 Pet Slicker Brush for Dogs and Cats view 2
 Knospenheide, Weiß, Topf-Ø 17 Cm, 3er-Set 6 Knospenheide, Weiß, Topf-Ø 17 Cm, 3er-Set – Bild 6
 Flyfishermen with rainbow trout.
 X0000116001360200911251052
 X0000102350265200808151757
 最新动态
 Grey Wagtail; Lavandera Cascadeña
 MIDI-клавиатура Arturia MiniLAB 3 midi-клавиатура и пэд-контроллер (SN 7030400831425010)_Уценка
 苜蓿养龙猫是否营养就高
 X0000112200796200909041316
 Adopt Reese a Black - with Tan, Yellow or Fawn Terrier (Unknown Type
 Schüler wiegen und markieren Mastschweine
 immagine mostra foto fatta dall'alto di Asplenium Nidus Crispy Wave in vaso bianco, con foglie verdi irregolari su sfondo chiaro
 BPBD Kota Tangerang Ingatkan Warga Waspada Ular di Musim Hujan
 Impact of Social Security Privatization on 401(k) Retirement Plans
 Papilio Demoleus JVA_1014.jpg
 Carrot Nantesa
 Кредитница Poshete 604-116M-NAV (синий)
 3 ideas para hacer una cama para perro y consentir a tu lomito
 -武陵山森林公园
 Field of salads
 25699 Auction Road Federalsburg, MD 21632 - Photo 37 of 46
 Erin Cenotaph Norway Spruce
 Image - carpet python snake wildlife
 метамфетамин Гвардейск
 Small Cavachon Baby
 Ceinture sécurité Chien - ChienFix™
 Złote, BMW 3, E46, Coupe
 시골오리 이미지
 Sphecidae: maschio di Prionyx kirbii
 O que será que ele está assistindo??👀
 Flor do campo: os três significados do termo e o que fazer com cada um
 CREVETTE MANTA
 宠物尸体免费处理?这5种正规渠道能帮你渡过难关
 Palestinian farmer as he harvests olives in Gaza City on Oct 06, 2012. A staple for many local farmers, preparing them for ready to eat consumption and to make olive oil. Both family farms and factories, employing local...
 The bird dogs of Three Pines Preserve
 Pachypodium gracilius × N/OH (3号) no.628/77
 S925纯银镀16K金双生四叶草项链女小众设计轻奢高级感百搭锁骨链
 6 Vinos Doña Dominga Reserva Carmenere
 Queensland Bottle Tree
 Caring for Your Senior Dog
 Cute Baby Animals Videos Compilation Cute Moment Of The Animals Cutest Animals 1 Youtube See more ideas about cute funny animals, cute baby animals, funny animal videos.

Exercise instructions
Here the job is to set down exactly the lines of the material above that fall between the one with "Кредитница Poshete 604-116M-NAV (синий)" and the one with "The bird dogs of Three Pines Preserve", inclusive, and nothing beyond them.

Task output
 Кредитница Poshete 604-116M-NAV (синий)
 3 ideas para hacer una cama para perro y consentir a tu lomito
 -武陵山森林公园
 Field of salads
 25699 Auction Road Federalsburg, MD 21632 - Photo 37 of 46
 Erin Cenotaph Norway Spruce
 Image - carpet python snake wildlife
 метамфетамин Гвардейск
 Small Cavachon Baby
 Ceinture sécurité Chien - ChienFix™
 Złote, BMW 3, E46, Coupe
 시골오리 이미지
 Sphecidae: maschio di Prionyx kirbii
 O que será que ele está assistindo??👀
 Flor do campo: os três significados do termo e o que fazer com cada um
 CREVETTE MANTA
 宠物尸体免费处理?这5种正规渠道能帮你渡过难关
 Palestinian farmer as he harvests olives in Gaza City on Oct 06, 2012. A staple for many local farmers, preparing them for ready to eat consumption and to make olive oil. Both family farms and factories, employing local...
 The bird dogs of Three Pines Preserve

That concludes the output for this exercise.